Extract exactly and only the lines from the one containing "Стремянка двухсторонняя алюминиевая" through the end of the entries below. Pictures should not appear in the copy.

━━━━━ SUPPLIED INFORMATION ━━━━━

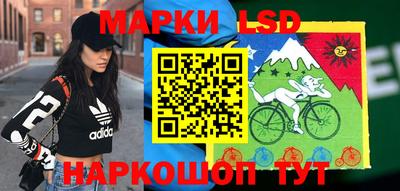 марки nbome Жуковский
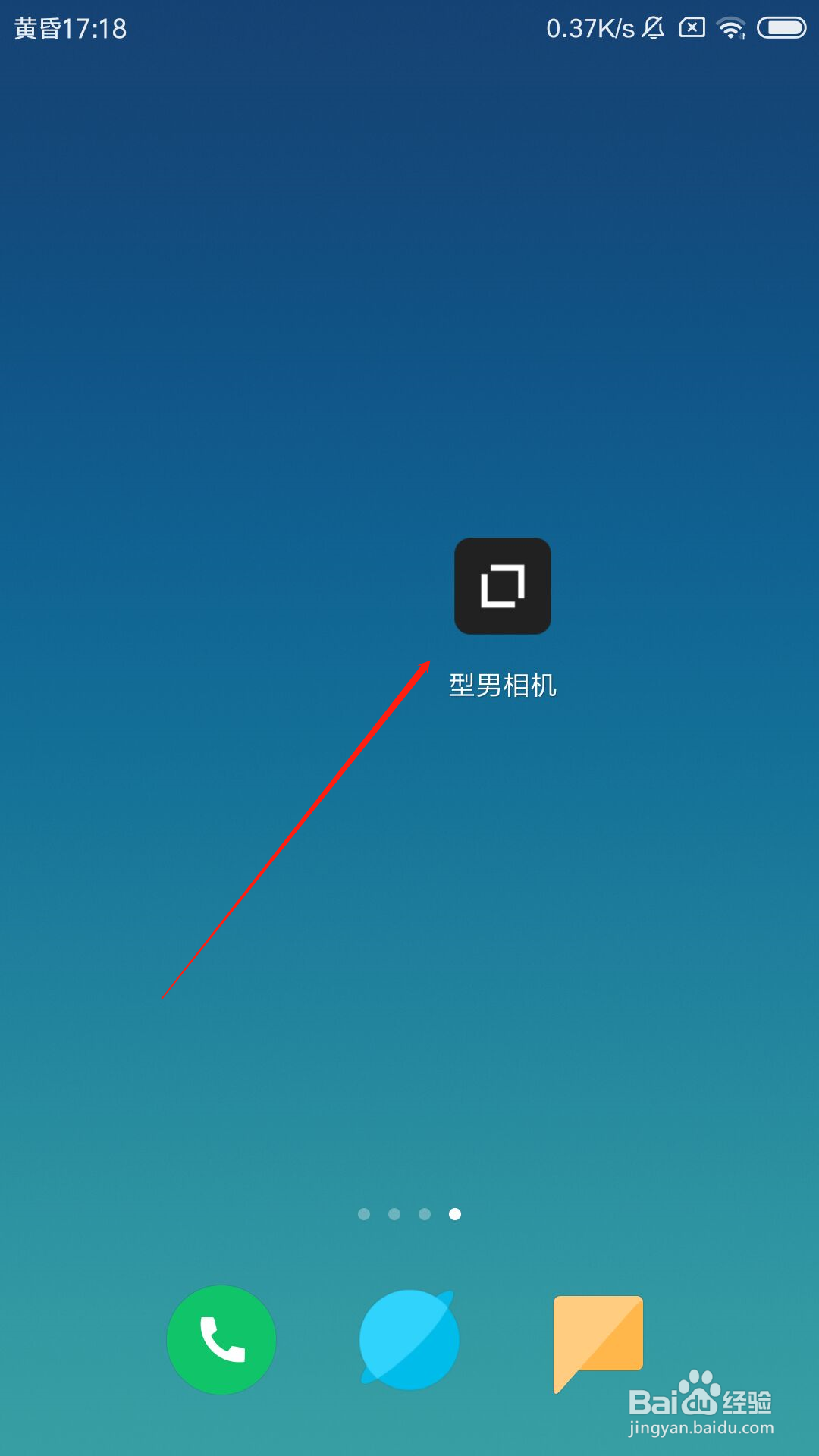 型男相机怎么开启快门声音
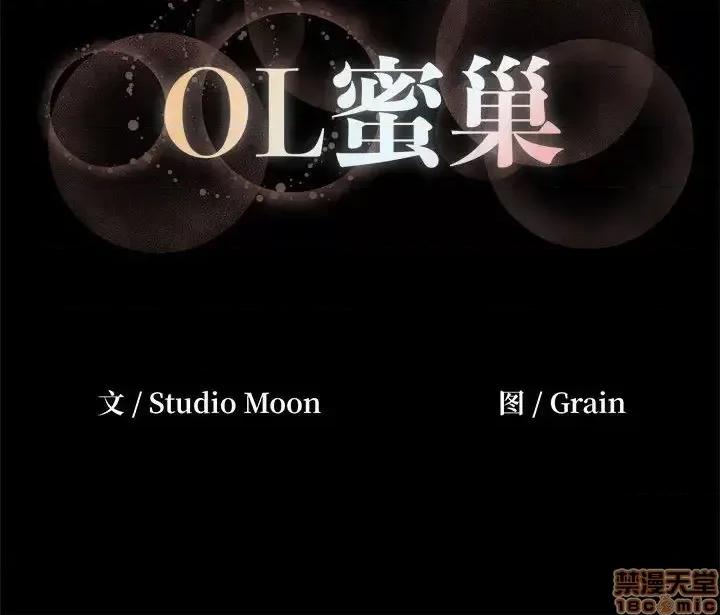 OL福利社 OL蜜巢 41 第113页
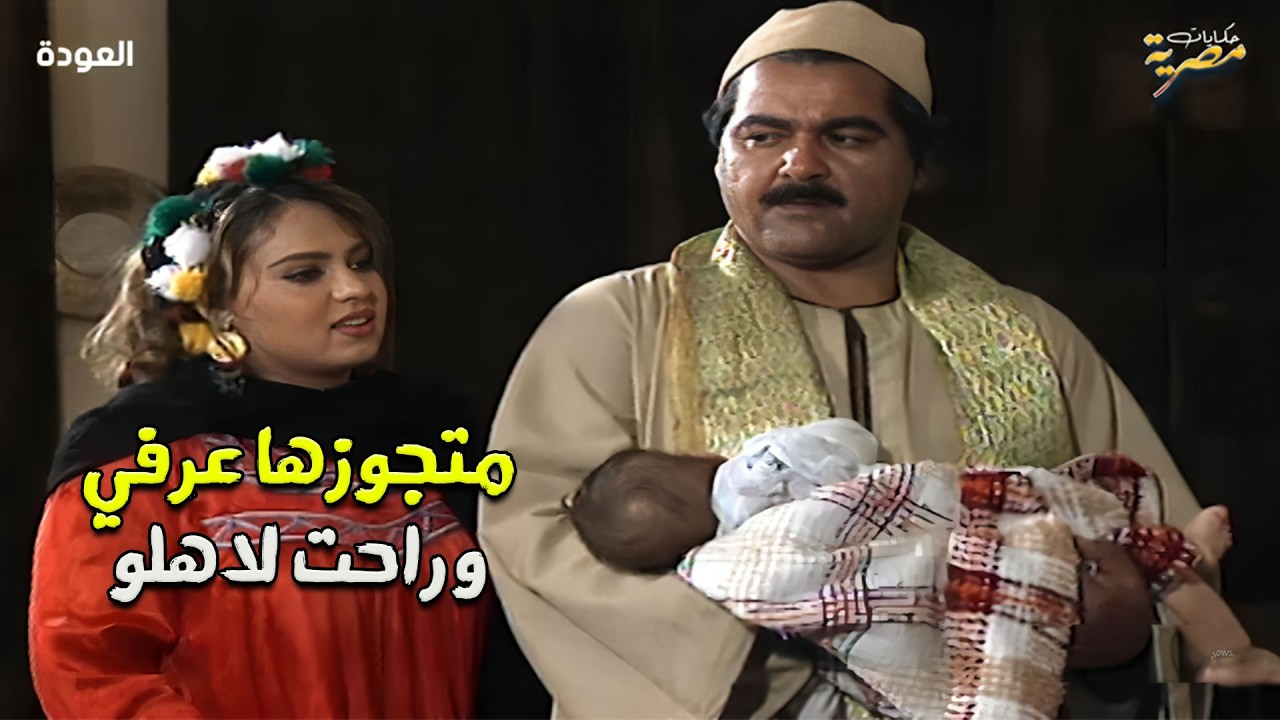 المسلسل المصري النادر | العودة | 1991 - الحلقة 10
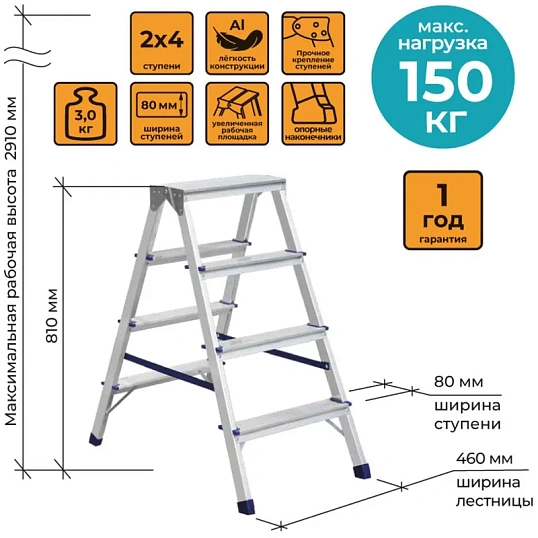 Стремянка двухсторонняя алюминиевая 4 ступени Комус    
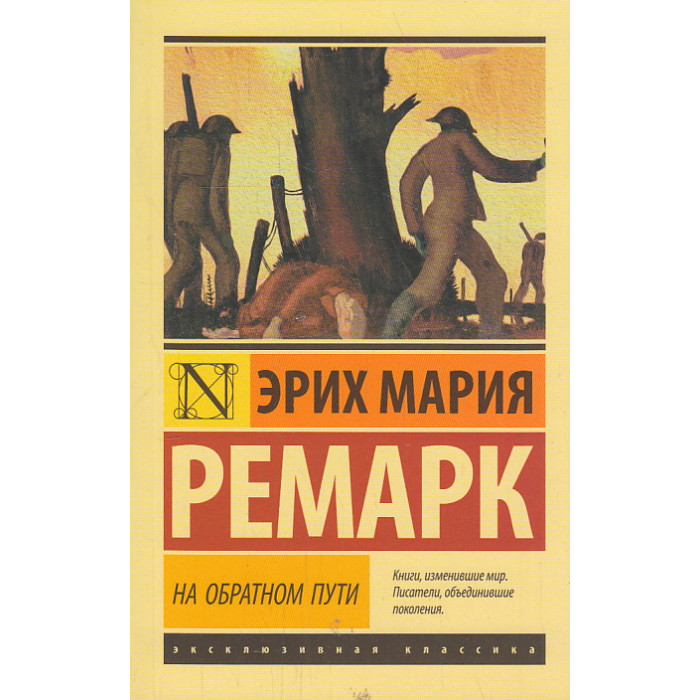 На обратном пути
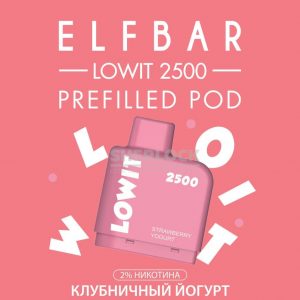 Картридж Elf Bar Lowit 2500 Strawberry Yogurt (Клубничный йогурт) купить с доставкой в Челябинске и Челябинской области. Цена. Изображение №13.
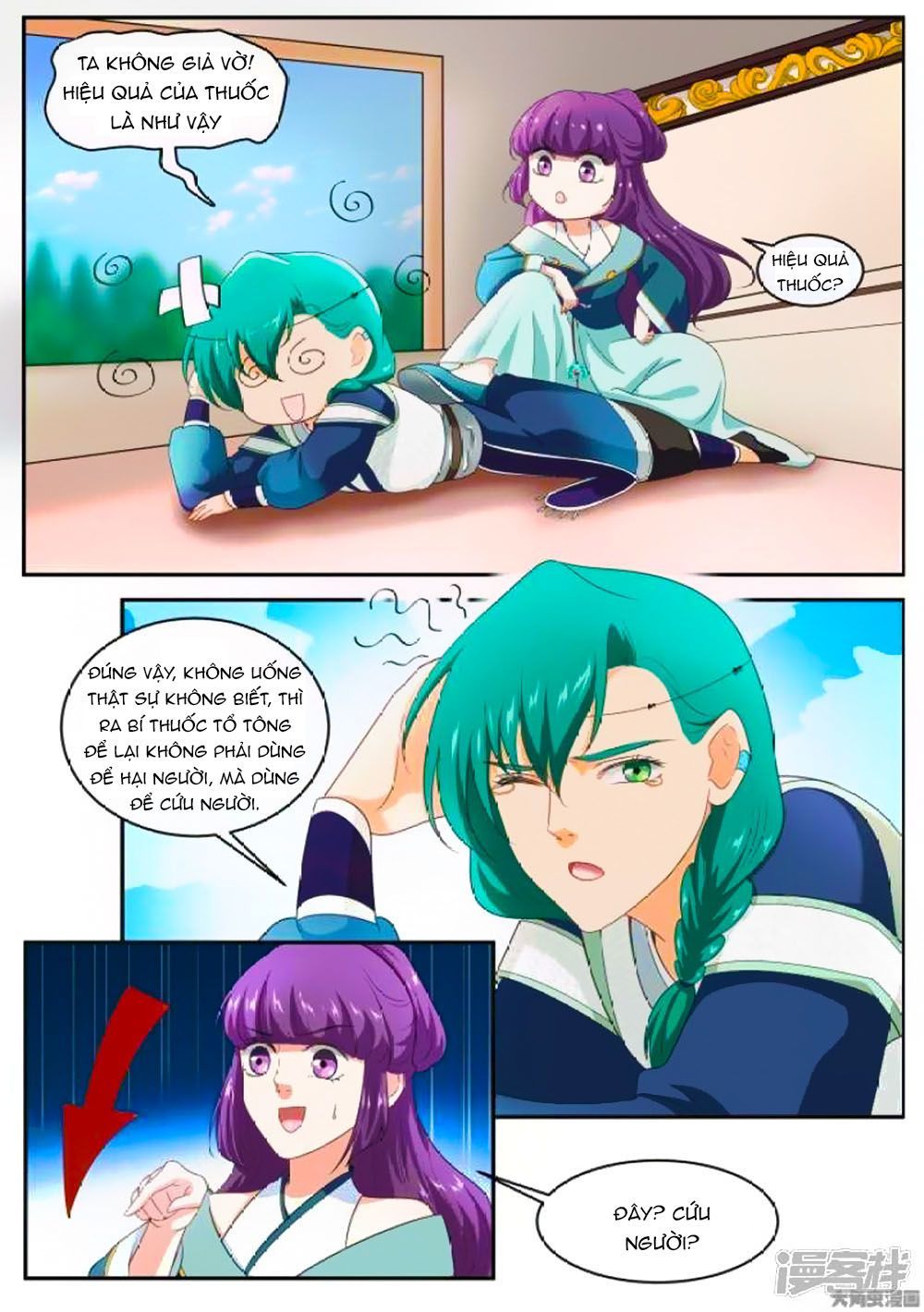 Nữ Đế Học Dốt Chap 55 - Next Chap 56
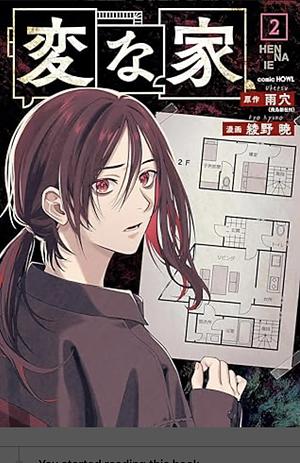 The Strange House (manga) Vol. 2 by Uketsu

━━━━━

* FINISHED TASK
 Стремянка двухсторонняя алюминиевая 4 ступени Комус    
 На обратном пути
 Картридж Elf Bar Lowit 2500 Strawberry Yogurt (Клубничный йогурт) купить с доставкой в Челябинске и Челябинской области. Цена. Изображение №13.
 Nữ Đế Học Dốt Chap 55 - Next Chap 56
 The Strange House (manga) Vol. 2 by Uketsu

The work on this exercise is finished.